叶绿体和线粒体是许多细胞的正常组成部分-它们是称为细胞器的亚细胞结构。有趣的是，这两种细胞器是从10亿年前被其他细胞吞噬的细菌进化而来的，在许多方面它们仍然类似于自由生活的细菌。叶绿体存在于植物细胞中，含有绿色色素叶绿素，并负责光合作用（捕获阳光能量并利用其制造糖的过程）的反应。由于光合作用是向生物界输入能量的唯一重要机制，叶绿体具有不可估量的重要性，不仅对植物，而且对地球上的所有生命。叶绿体在许多其他方面也很重要，因为它们在油、蛋白质和淀粉的合成中起着重要作用。虽然叶绿体确实含有DNA（这是它们作为自由生活的光合细菌的进化历史的遗物），因此可以制造一些自己的蛋白质，但构建一个功能齐全的叶绿体所需的3000种蛋白质中，>90%是在细胞核中的DNA上编码的。因此，大多数叶绿体蛋白质是在细胞器外的细胞基质（称为胞质溶胶）中产生的。由于每个叶绿体都被双层膜或包膜包围，蛋白质的被动运动是不受影响的，这就提出了一个重要的问题。为了克服这个问题，叶绿体进化出一种复杂的蛋白质输入装置，它使用能量（以ATP的形式）来驱动蛋白质从胞质溶胶的输入。这个进口装置包括两个分子机器：一个在被称为TOC（“叶绿体外膜上的转位子”的缩写）的外膜中，另一个在被称为TIC的内膜中。每台机器都由几种蛋白质组成，它们相互配合，以确保导入的效率。
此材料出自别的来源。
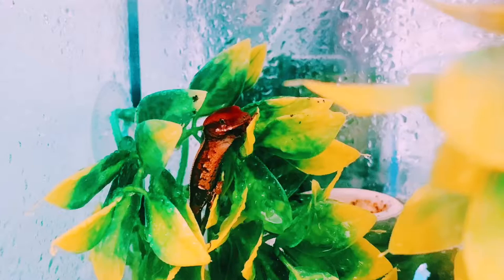Imagine buying an adult Crested Gecko as a pet and all of a sudden she pops out four surprise babies. Yeah, that's what happened to me.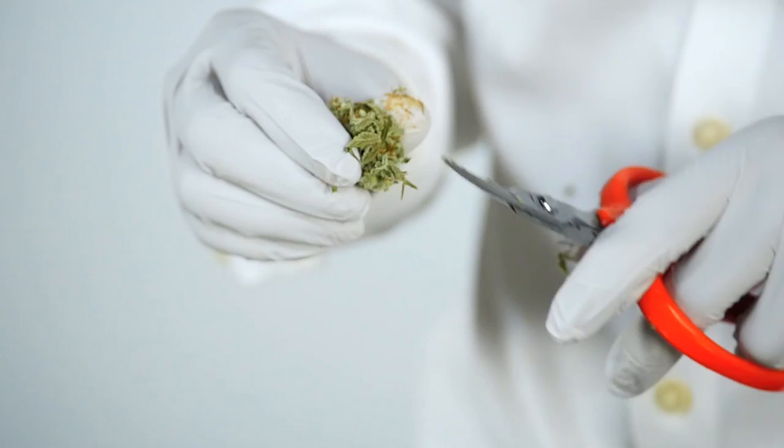Trimming is an art. Once you've grown your entire plant, at the end the final product is shown to the customer. However, it has to go through trimming and therefore the customer sees your trimming qualities and the quality of the bud.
TIC机器的特征之一是它从叶绿体内部或基质中招募一类特殊的蛋白质，称为“伴侣”。这些基质分子伴侣就像一个马达，因为它们使用来自ATP的能量来驱动蛋白质输入。我们研究了一种名为拟南芥的模式植物，它具有许多研究优势，例如可以获得许多突变体（每一个突变体都有一个特定的基因突变）。一种这样的突变体植物tic 40在TIC基因中具有缺陷，使得叶绿体蛋白质输入不能有效地工作。几年前，我们发现了另一种叫做stic 1和stic 2的突变（stic代表“tic 40的抑制因子”），它们显著提高了tic 40的蛋白质输入效率。最近，我们发现了STIC突变影响哪些基因（以及哪些蛋白质）：STIC 1属于一个众所周知的蛋白质转运因子家族，以前认为这些蛋白质转运因子不作用于叶绿体包膜，而STIC 2与一组功能未知的细菌蛋白质有关。有趣的是，我们已经证明STIC 2可以结合STIC 1，以及基质分子伴侣和TIC机器。因此，我们认为STIC 2可能是上述进口电机的新部件。它还可能有助于引导新输入的蛋白质从TIC装置到达其最终目的地，这可能是STIC 1发挥作用的地方。我们将做实验来检验这些理论。由于叶绿体执行基本功能，并且由于蛋白质输入对于叶绿体发育至关重要，因此没有功能性叶绿体蛋白质输入机制的植物无法生存（事实上，它们在胚胎中死亡）并不奇怪。同样，由于我们最终都依赖植物产品生存，因此叶绿体蛋白质的输入在全球范围内是必不可少的。由于叶绿体在许多经济上重要的产物（例如，油，淀粉），更好地了解这些细胞器如何发展将使我们能够提高作物的生产力或以其他方式操纵其产品。

项目成果

Plastid Biology

质体生物学

• DOI: 10.1007/978-1-4939-1136-3_9
• 发表时间: 2014
• 作者: Jarvis P

Mutations in the chloroplast inner envelope protein TIC100 impair and repair chloroplast protein import and impact retrograde signaling.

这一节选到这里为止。